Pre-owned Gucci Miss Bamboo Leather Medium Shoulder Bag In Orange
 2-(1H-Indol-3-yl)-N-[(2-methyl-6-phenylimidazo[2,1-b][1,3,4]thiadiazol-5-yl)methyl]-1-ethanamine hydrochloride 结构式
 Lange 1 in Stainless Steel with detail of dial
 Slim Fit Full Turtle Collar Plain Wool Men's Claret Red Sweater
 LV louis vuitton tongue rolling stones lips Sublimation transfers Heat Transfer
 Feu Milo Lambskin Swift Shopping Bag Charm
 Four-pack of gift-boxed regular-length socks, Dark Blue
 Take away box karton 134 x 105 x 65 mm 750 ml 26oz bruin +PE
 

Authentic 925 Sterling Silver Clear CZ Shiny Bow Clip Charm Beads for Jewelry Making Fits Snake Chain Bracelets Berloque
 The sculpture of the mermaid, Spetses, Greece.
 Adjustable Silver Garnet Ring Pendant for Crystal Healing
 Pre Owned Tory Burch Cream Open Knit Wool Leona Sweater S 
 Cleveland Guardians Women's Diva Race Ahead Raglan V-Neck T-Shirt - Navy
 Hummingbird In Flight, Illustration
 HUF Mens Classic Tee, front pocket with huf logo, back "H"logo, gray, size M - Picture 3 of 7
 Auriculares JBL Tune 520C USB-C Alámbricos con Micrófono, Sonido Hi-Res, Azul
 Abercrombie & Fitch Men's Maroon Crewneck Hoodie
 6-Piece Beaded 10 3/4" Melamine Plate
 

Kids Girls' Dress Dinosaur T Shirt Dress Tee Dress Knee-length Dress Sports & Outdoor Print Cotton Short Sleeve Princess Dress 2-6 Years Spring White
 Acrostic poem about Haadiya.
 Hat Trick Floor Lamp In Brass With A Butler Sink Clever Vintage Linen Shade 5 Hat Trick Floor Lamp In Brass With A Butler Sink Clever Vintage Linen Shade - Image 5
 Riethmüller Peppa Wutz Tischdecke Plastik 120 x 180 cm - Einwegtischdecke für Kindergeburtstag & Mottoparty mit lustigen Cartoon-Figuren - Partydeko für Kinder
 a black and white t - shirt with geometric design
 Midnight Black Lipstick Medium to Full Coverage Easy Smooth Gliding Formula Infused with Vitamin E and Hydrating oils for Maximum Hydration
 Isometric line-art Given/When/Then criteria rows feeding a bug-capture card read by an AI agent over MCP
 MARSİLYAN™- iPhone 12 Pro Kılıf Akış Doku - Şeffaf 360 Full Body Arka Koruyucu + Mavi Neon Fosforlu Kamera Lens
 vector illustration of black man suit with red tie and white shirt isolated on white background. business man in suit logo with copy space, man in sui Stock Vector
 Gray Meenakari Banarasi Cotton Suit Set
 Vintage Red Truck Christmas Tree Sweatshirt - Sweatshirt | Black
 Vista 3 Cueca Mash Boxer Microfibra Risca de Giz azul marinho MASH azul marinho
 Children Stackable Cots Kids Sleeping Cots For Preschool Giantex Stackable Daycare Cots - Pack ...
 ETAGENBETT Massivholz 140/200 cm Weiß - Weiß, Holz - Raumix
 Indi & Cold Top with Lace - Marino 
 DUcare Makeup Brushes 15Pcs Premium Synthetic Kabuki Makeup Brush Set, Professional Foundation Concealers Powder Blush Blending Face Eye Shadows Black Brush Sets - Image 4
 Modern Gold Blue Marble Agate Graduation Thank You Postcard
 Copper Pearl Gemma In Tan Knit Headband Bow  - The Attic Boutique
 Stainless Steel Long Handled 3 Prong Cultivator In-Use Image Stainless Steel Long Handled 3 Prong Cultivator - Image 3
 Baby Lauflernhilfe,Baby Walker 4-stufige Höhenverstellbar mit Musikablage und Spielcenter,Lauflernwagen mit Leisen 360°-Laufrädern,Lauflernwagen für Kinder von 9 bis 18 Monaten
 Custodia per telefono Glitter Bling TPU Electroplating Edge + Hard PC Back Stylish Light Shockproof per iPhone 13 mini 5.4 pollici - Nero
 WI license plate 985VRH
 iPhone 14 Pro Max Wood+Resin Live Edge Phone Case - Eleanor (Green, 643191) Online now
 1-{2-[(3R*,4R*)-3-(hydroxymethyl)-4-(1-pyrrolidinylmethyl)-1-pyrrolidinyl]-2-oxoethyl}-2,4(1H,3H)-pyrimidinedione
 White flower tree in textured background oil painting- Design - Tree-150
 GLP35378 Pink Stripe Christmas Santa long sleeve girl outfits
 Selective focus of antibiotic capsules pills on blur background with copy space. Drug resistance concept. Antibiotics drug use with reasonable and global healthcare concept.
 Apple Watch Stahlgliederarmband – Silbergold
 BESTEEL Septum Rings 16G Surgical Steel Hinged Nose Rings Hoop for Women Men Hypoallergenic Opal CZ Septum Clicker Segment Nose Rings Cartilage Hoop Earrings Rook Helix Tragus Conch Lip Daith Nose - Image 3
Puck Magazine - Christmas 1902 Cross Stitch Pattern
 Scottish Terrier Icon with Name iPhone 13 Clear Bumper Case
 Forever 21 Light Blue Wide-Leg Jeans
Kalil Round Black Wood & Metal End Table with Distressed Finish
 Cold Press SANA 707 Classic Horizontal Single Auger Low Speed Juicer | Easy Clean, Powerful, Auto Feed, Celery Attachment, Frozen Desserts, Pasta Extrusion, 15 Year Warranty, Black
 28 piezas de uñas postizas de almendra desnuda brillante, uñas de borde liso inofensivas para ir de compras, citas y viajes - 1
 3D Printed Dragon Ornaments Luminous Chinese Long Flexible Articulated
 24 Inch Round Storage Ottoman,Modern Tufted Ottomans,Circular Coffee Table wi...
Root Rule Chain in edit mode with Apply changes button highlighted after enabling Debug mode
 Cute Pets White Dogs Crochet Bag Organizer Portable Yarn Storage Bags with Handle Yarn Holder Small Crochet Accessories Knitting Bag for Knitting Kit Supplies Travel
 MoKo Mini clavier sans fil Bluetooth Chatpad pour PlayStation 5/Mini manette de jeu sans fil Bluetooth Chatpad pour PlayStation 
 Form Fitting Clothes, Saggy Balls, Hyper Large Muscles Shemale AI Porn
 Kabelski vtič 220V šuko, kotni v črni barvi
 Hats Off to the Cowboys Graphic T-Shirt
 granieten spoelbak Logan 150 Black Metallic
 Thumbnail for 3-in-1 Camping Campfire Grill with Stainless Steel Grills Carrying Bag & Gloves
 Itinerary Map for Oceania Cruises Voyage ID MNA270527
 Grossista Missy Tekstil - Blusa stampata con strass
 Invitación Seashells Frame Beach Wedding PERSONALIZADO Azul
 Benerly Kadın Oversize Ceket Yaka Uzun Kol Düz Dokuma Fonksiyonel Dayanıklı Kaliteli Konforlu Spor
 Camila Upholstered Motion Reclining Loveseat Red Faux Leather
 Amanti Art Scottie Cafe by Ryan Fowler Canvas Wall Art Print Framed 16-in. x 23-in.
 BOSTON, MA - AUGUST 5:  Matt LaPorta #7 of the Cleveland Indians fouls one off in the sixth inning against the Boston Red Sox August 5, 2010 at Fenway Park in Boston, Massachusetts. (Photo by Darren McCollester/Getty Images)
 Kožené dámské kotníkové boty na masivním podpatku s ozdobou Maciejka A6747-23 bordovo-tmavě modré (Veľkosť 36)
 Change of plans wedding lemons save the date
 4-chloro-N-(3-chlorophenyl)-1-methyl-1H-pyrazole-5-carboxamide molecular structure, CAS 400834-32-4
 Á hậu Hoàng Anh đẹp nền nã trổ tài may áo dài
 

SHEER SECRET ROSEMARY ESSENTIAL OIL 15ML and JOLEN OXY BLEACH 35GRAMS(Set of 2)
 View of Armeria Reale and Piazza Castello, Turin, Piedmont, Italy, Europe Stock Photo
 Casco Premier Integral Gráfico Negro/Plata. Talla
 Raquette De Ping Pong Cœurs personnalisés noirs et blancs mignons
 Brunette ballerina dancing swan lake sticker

• • • • • • •

Return the opening line of the data and every line after it through the line containing "MARSİLYAN™- iPhone 12", please, exactly as written and with nothing added.

Pre-owned Gucci Miss Bamboo Leather Medium Shoulder Bag In Orange
 2-(1H-Indol-3-yl)-N-[(2-methyl-6-phenylimidazo[2,1-b][1,3,4]thiadiazol-5-yl)methyl]-1-ethanamine hydrochloride 结构式
 Lange 1 in Stainless Steel with detail of dial
 Slim Fit Full Turtle Collar Plain Wool Men's Claret Red Sweater
 LV louis vuitton tongue rolling stones lips Sublimation transfers Heat Transfer
 Feu Milo Lambskin Swift Shopping Bag Charm
 Four-pack of gift-boxed regular-length socks, Dark Blue
 Take away box karton 134 x 105 x 65 mm 750 ml 26oz bruin +PE
 

Authentic 925 Sterling Silver Clear CZ Shiny Bow Clip Charm Beads for Jewelry Making Fits Snake Chain Bracelets Berloque
 The sculpture of the mermaid, Spetses, Greece.
 Adjustable Silver Garnet Ring Pendant for Crystal Healing
 Pre Owned Tory Burch Cream Open Knit Wool Leona Sweater S 
 Cleveland Guardians Women's Diva Race Ahead Raglan V-Neck T-Shirt - Navy
 Hummingbird In Flight, Illustration
 HUF Mens Classic Tee, front pocket with huf logo, back "H"logo, gray, size M - Picture 3 of 7
 Auriculares JBL Tune 520C USB-C Alámbricos con Micrófono, Sonido Hi-Res, Azul
 Abercrombie & Fitch Men's Maroon Crewneck Hoodie
 6-Piece Beaded 10 3/4" Melamine Plate
 

Kids Girls' Dress Dinosaur T Shirt Dress Tee Dress Knee-length Dress Sports & Outdoor Print Cotton Short Sleeve Princess Dress 2-6 Years Spring White
 Acrostic poem about Haadiya.
 Hat Trick Floor Lamp In Brass With A Butler Sink Clever Vintage Linen Shade 5 Hat Trick Floor Lamp In Brass With A Butler Sink Clever Vintage Linen Shade - Image 5
 Riethmüller Peppa Wutz Tischdecke Plastik 120 x 180 cm - Einwegtischdecke für Kindergeburtstag & Mottoparty mit lustigen Cartoon-Figuren - Partydeko für Kinder
 a black and white t - shirt with geometric design
 Midnight Black Lipstick Medium to Full Coverage Easy Smooth Gliding Formula Infused with Vitamin E and Hydrating oils for Maximum Hydration
 Isometric line-art Given/When/Then criteria rows feeding a bug-capture card read by an AI agent over MCP
 MARSİLYAN™- iPhone 12 Pro Kılıf Akış Doku - Şeffaf 360 Full Body Arka Koruyucu + Mavi Neon Fosforlu Kamera Lens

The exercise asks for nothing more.